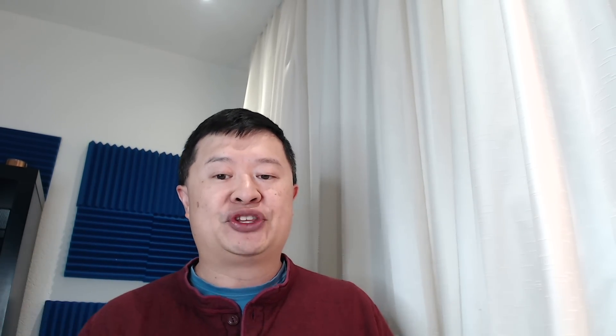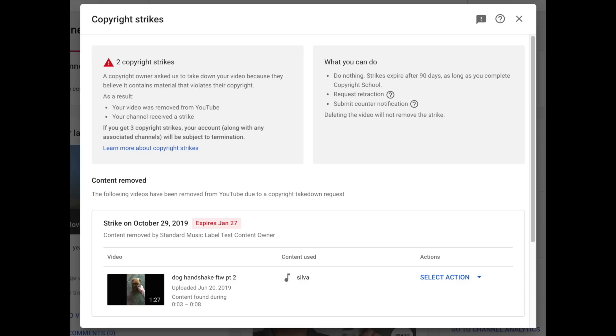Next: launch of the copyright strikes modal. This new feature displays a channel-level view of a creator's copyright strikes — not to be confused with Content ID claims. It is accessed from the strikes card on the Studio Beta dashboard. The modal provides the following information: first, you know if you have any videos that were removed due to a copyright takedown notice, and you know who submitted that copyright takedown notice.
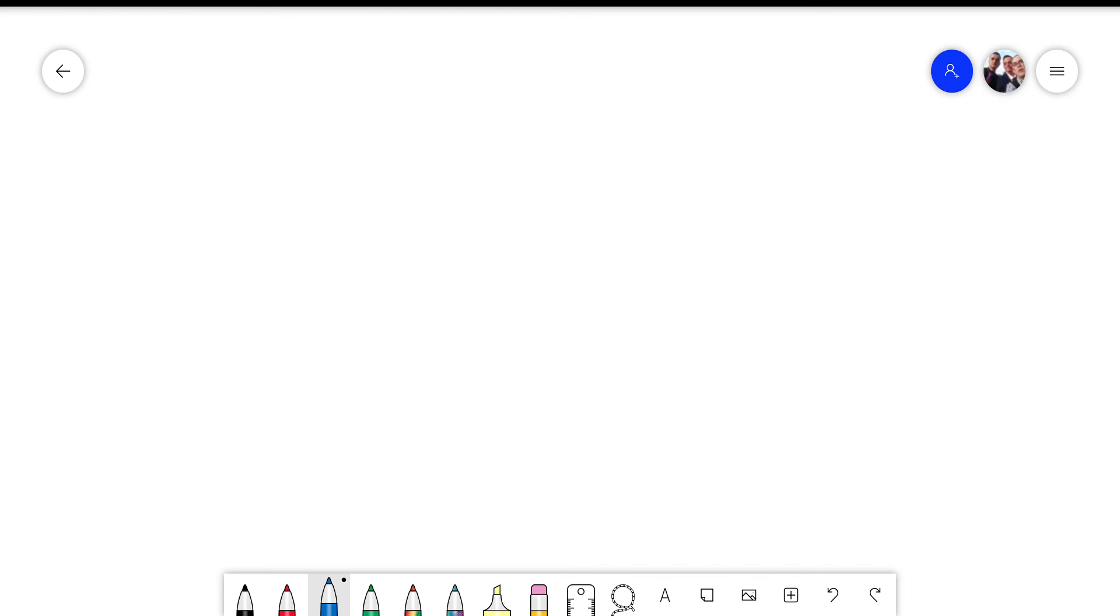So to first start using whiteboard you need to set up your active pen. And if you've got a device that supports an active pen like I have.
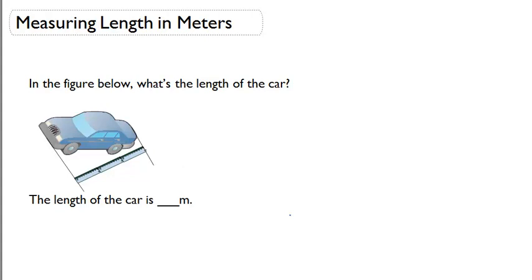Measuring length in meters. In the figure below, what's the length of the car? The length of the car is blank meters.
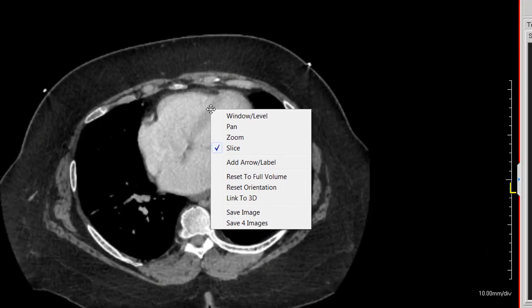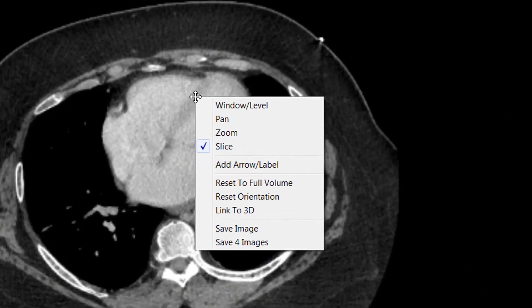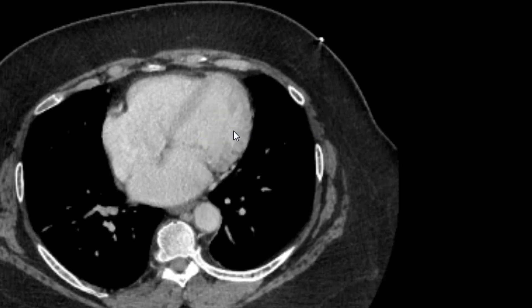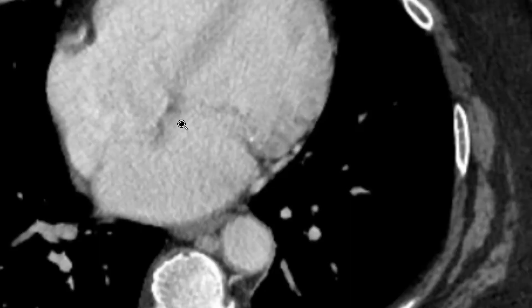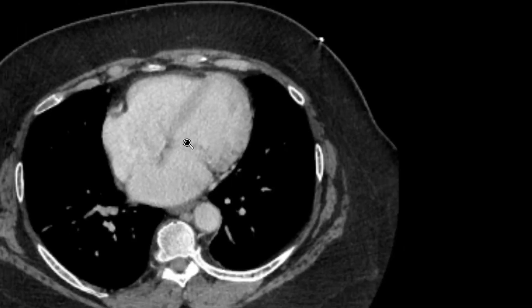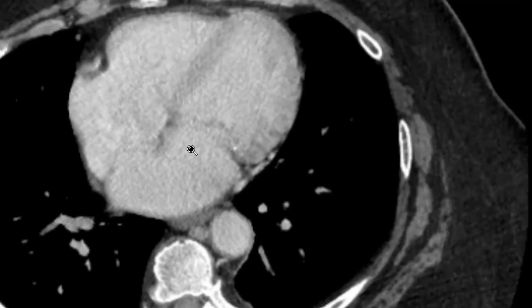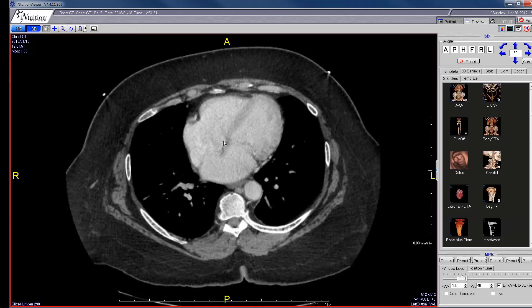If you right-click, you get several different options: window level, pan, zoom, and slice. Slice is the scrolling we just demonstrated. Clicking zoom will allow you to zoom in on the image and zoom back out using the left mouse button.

* TASK TO CARRY OUT: Word for word, return the listing above; the pictures do not belong in the copy.

* EXERCISE SOLUTION:
Next: launch of the copyright strikes modal. This new feature displays a channel-level view of a creator's copyright strikes — not to be confused with Content ID claims. It is accessed from the strikes card on the Studio Beta dashboard. The modal provides the following information: first, you know if you have any videos that were removed due to a copyright takedown notice, and you know who submitted that copyright takedown notice.
So to first start using whiteboard you need to set up your active pen. And if you've got a device that supports an active pen like I have.
Measuring length in meters. In the figure below, what's the length of the car? The length of the car is blank meters.
If you right-click, you get several different options: window level, pan, zoom, and slice. Slice is the scrolling we just demonstrated. Clicking zoom will allow you to zoom in on the image and zoom back out using the left mouse button.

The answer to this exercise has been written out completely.